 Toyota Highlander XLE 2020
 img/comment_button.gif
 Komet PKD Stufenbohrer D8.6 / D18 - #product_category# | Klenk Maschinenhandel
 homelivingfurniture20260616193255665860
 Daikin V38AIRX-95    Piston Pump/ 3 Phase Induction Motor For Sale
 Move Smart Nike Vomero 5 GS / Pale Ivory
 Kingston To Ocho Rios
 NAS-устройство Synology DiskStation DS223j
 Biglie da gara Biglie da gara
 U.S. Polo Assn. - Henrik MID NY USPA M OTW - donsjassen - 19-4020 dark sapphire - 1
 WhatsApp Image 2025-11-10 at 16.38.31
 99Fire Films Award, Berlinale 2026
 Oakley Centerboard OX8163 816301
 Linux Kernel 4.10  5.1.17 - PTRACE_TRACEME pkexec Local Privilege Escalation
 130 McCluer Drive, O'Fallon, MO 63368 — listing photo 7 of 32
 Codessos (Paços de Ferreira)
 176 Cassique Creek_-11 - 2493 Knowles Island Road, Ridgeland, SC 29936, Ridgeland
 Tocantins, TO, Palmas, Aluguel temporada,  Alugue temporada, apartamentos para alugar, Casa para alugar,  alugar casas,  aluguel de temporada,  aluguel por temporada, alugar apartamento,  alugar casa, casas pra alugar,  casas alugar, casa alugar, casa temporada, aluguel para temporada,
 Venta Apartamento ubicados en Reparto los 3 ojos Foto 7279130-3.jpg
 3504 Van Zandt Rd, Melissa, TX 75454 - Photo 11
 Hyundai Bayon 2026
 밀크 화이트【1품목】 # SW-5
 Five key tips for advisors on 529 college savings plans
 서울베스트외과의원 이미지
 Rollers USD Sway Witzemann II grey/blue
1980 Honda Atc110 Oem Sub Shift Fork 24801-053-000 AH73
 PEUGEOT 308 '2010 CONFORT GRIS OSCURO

Problem description ->
Only one span of lines is wanted: the line with "3504 Van Zandt" and every line after it to the end of the entries, output exactly.

Problem solution ->
 3504 Van Zandt Rd, Melissa, TX 75454 - Photo 11
 Hyundai Bayon 2026
 밀크 화이트【1품목】 # SW-5
 Five key tips for advisors on 529 college savings plans
 서울베스트외과의원 이미지
 Rollers USD Sway Witzemann II grey/blue
1980 Honda Atc110 Oem Sub Shift Fork 24801-053-000 AH73
 PEUGEOT 308 '2010 CONFORT GRIS OSCURO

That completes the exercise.